Low-Intensity Steady State (LISS) exercise focuses on a much lower workload extended out over a much greater space of time. This is the kind of exercise that was revered as the best way to lose weight prior to the turn of the 21st century and has only recently taken a backseat to more intense styles of training. This includes the kind of cardio exemplified by spending an hour on a treadmill: long, low intensity work dedicated to breaking a sweat and covering miles and miles on foot or by cycle. This still has its place in a well-conceived training program for fat loss, but this is best used as an accompaniment to HIIT and performed at reasonable intensities. The goal with this form of exercise should be to sustain a given intensity (such as a challenging km/h) for as long as possible, rather than simply enduring for as long as possible.

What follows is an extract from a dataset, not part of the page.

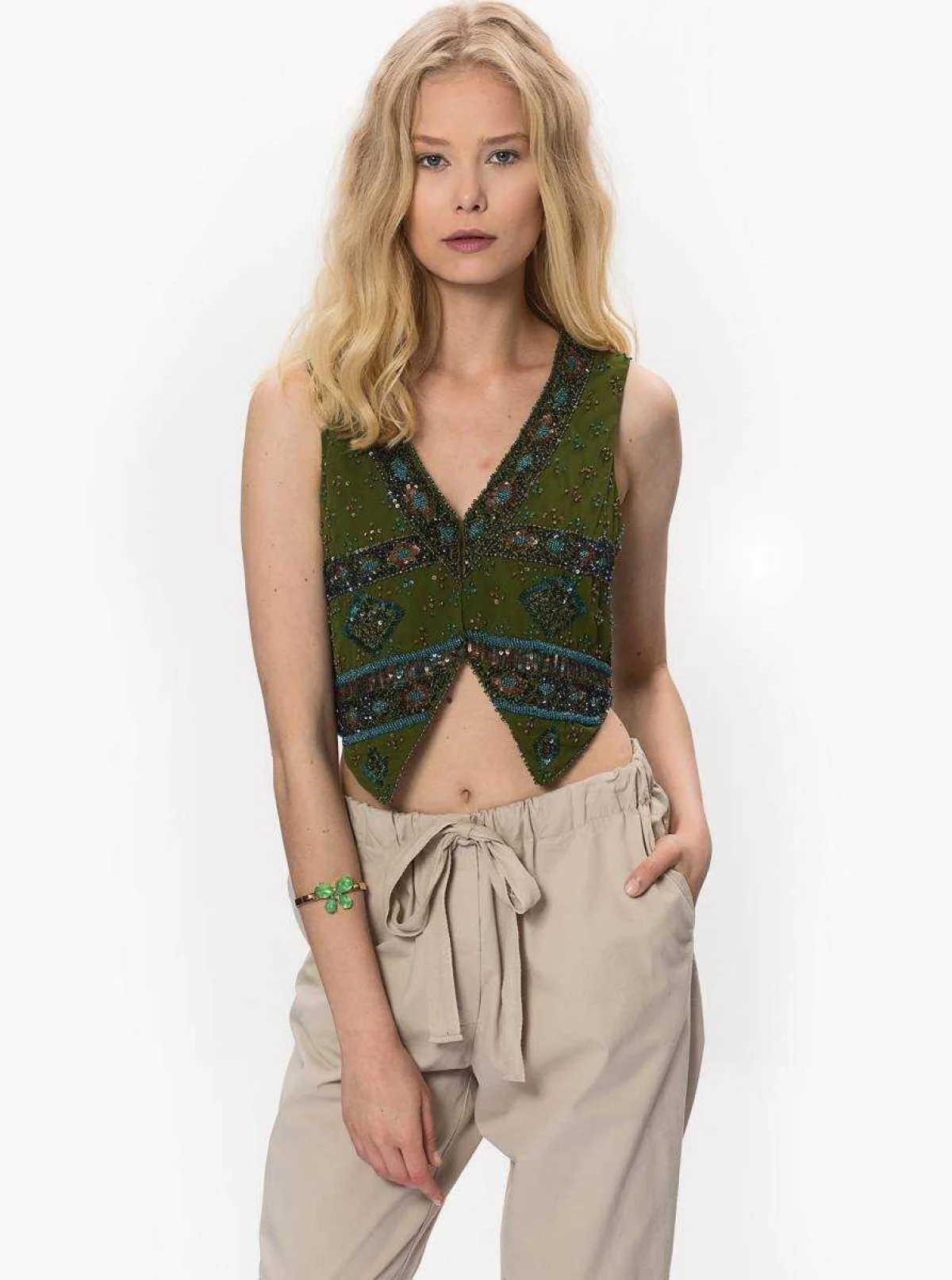 Boncuk İşlemeli Yelek Yeşil - 1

Losing Fat – Don’t Forget These

Sleep 1. Sleep

Sleep is an essential process for the proper regulation of bodily processes and this includes metabolism and the hormonal processes governing it. The failure to achieve proper sleep quality and quantity has been shown to result in the suppression of testosterone and increases in cortisol secretion, associated with stress and poor mood [6]. Chronic elevation of this hormone can result in the body fat being incredibly stubborn.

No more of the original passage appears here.